#### Data for review
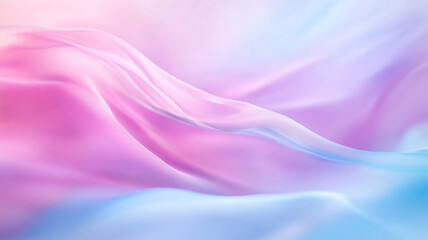 Fototapeta premium Soft pastel fabric in gentle folds creating an ethereal effect in serene colors of blue and pink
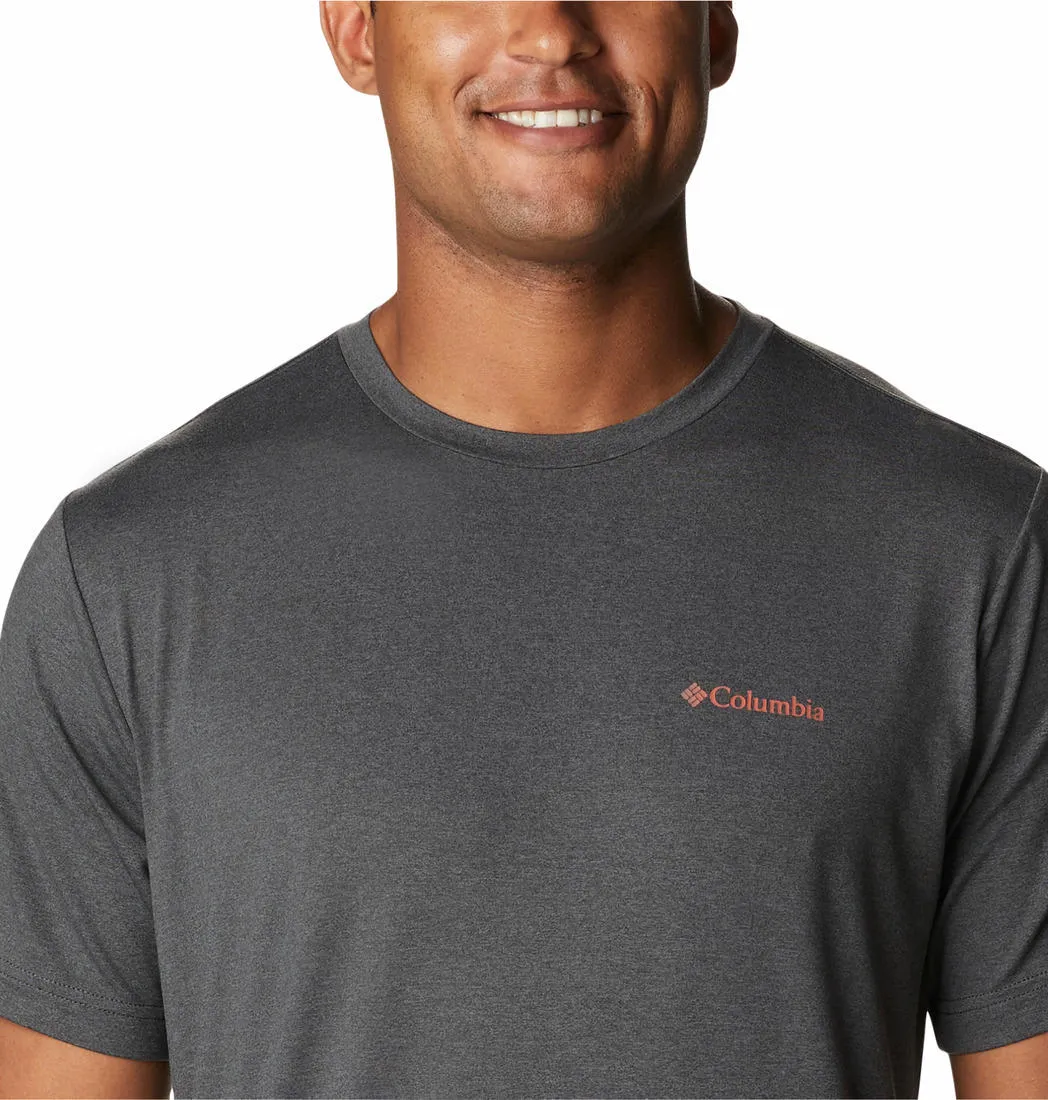 Columbia Men Black Omni-Wick Tech Trail Graphic Tshirt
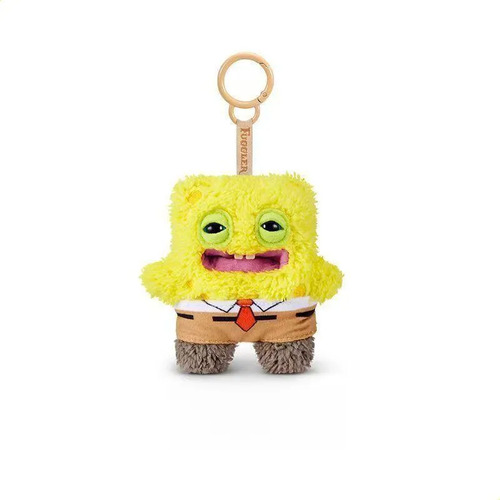 Llavero De Peluche Fuggler De Bob Esponja, Monstruo Feo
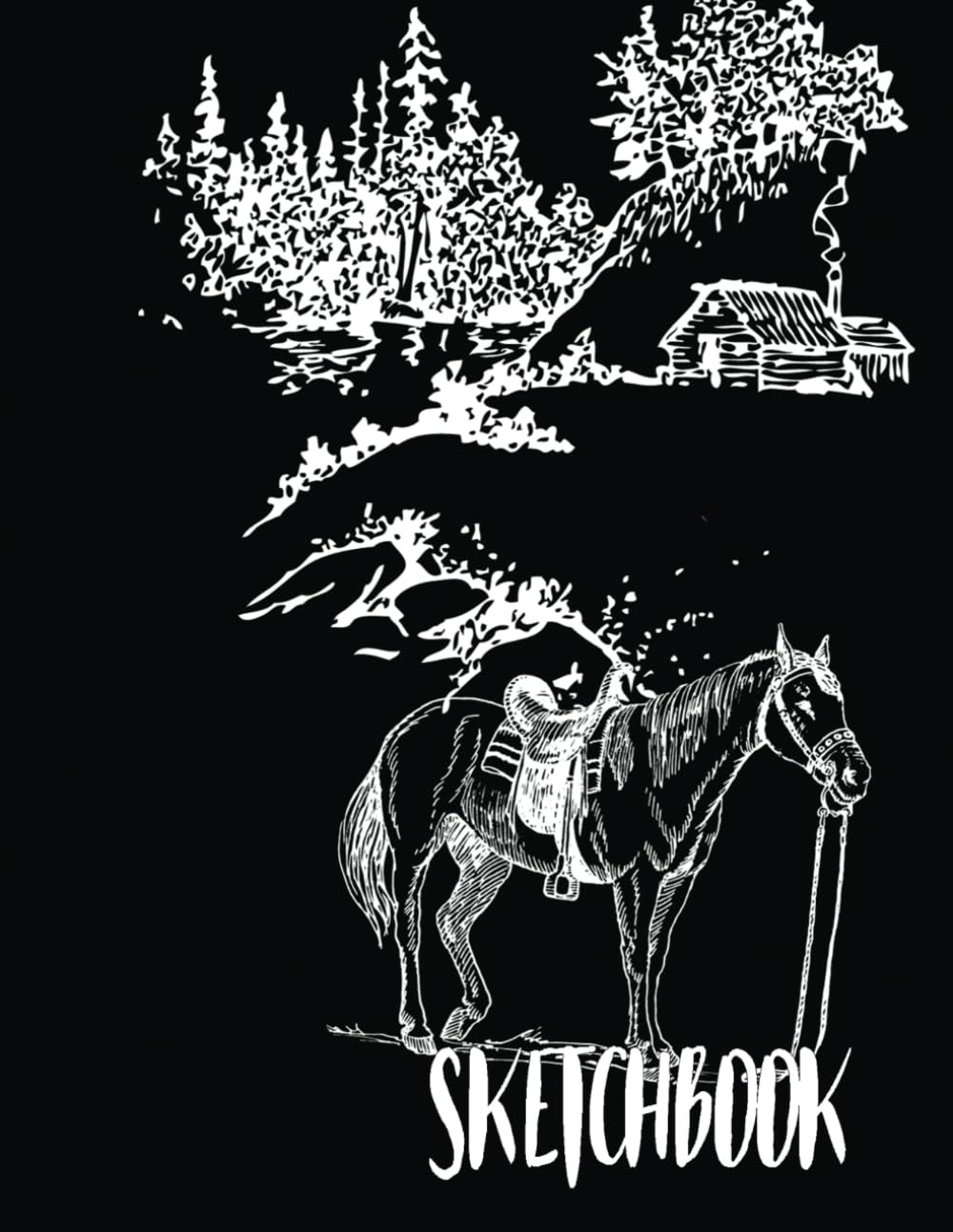 Sketchbook: Horse Blank Sketchbook for Drawing, Doodling or Sketching | 110 Pages, 8.5 x 11 baixar o livro de graça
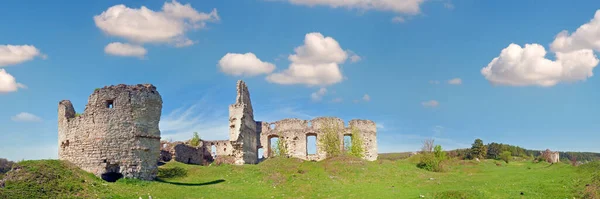 Spring View Sydoriv Castle Ruins Built 1640S Sydoriv Village Located — Stock Photo, Image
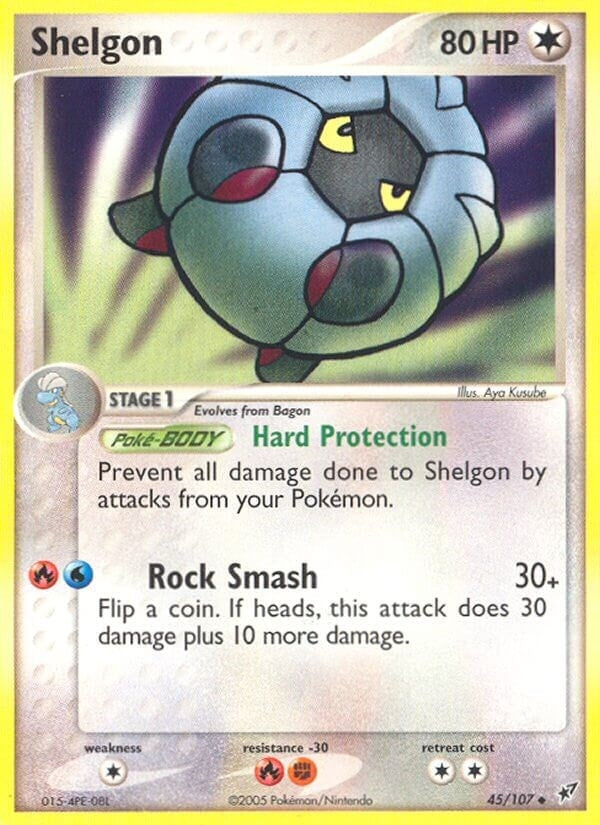 Image for Shelgon (45/107) (EX Deoxys) (DX) - Pokemon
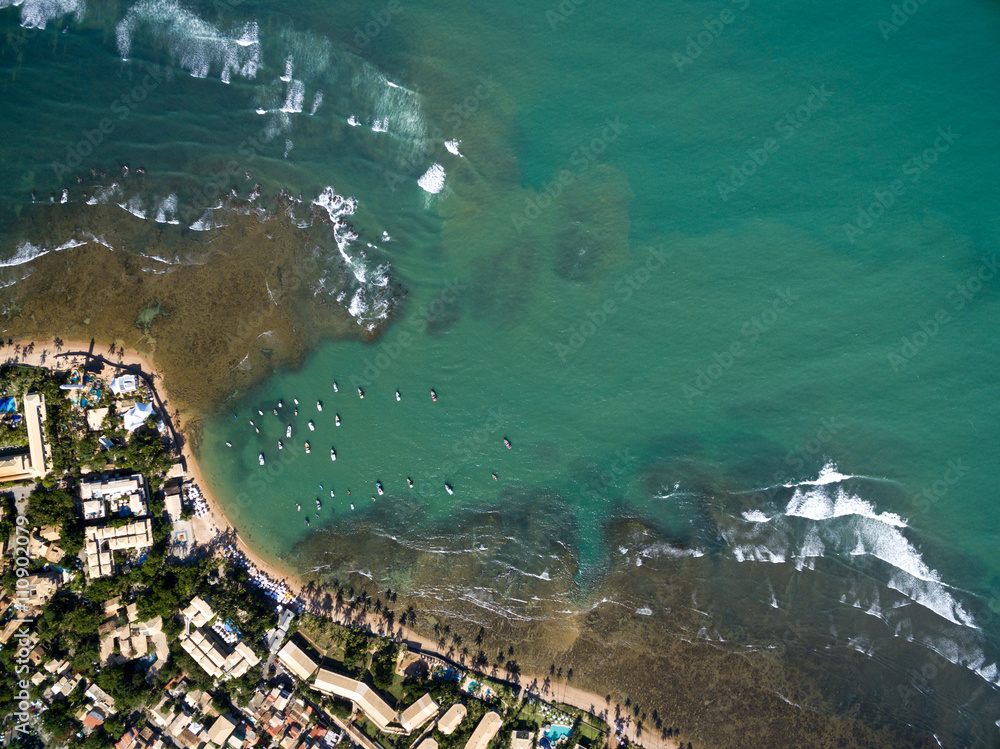Top View of Praia do Forte, Bahia, Brazil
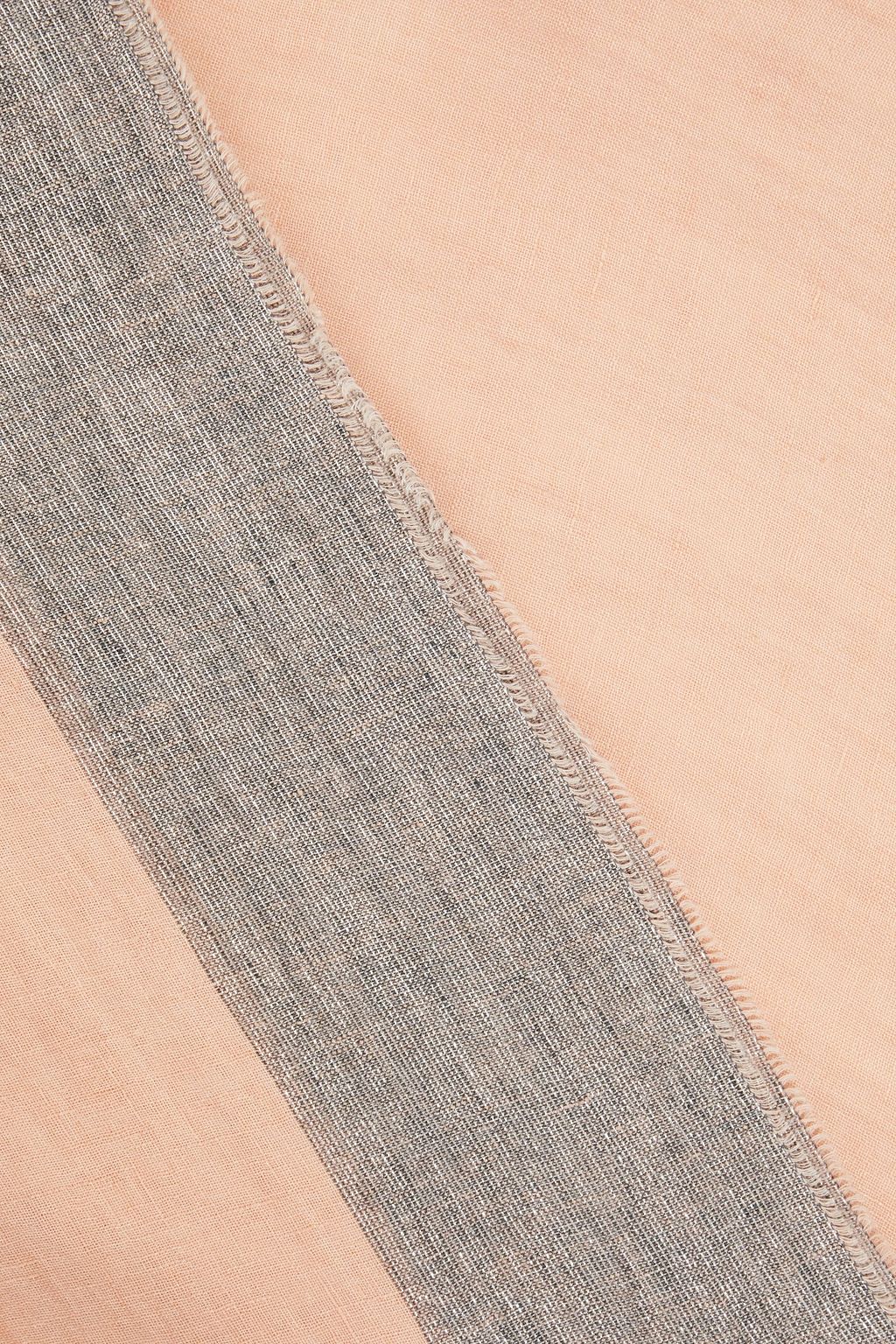 FABIANA FILIPPI Metallic linen-blend gauze scarf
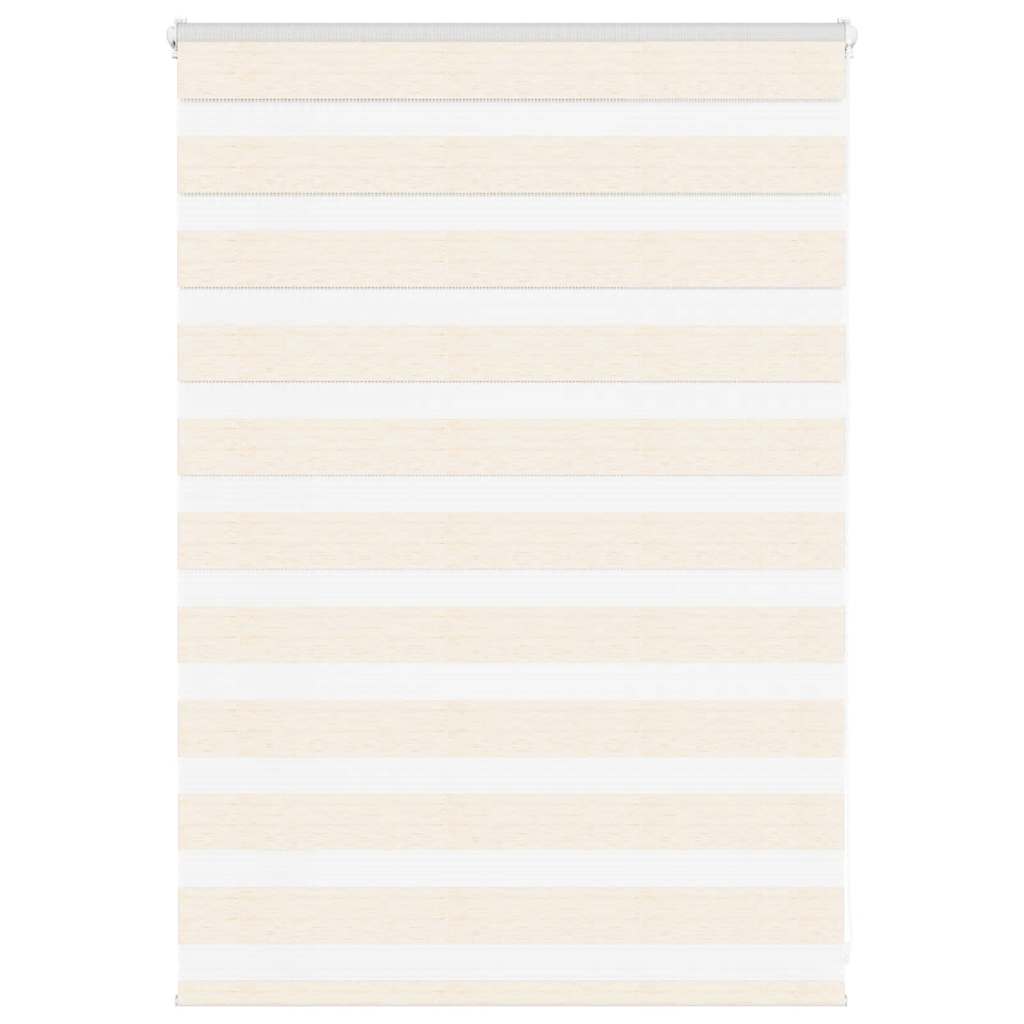 Vidaxl Zebra Roller Blind 110x100 cm Dammbredd 105,9 cm Marmerbeige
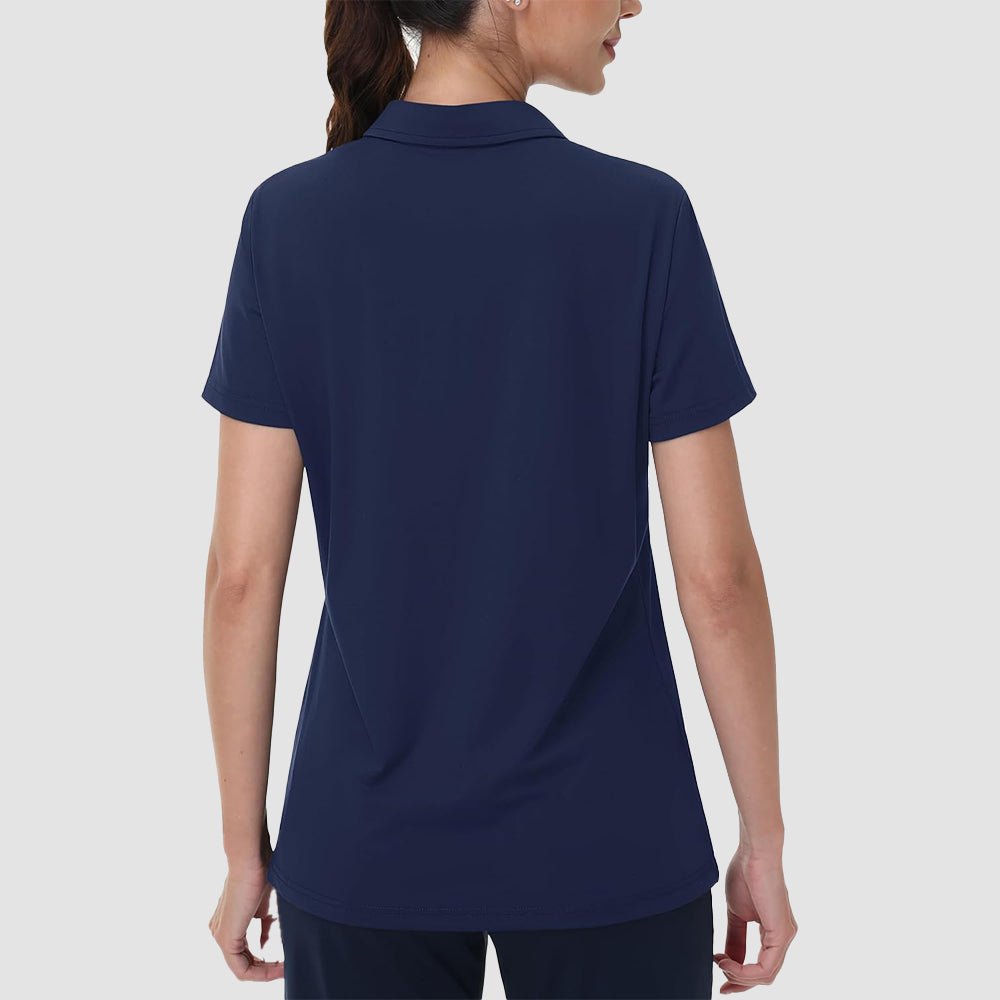 Women's V-Neck Golf Polo Shirt UPF 50+ Quick-Dry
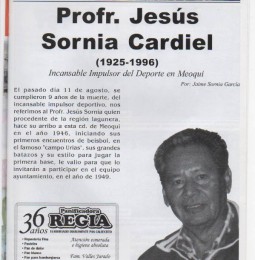Se recuerda con cariño al profesor Jesús Sornia Cardiel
########
Assignment
I'd like the material above repeated exactly, with the pictures omitted.

Answer box
 Fototapeta premium Soft pastel fabric in gentle folds creating an ethereal effect in serene colors of blue and pink
 Columbia Men Black Omni-Wick Tech Trail Graphic Tshirt
 Llavero De Peluche Fuggler De Bob Esponja, Monstruo Feo
 Sketchbook: Horse Blank Sketchbook for Drawing, Doodling or Sketching | 110 Pages, 8.5 x 11 baixar o livro de graça
 Spring View Sydoriv Castle Ruins Built 1640S Sydoriv Village Located — Stock Photo, Image
 Image for Shelgon (45/107) (EX Deoxys) (DX) - Pokemon
Top View of Praia do Forte, Bahia, Brazil
 FABIANA FILIPPI Metallic linen-blend gauze scarf
 Vidaxl Zebra Roller Blind 110x100 cm Dammbredd 105,9 cm Marmerbeige
 Women's V-Neck Golf Polo Shirt UPF 50+ Quick-Dry
Se recuerda con cariño al profesor Jesús Sornia Cardiel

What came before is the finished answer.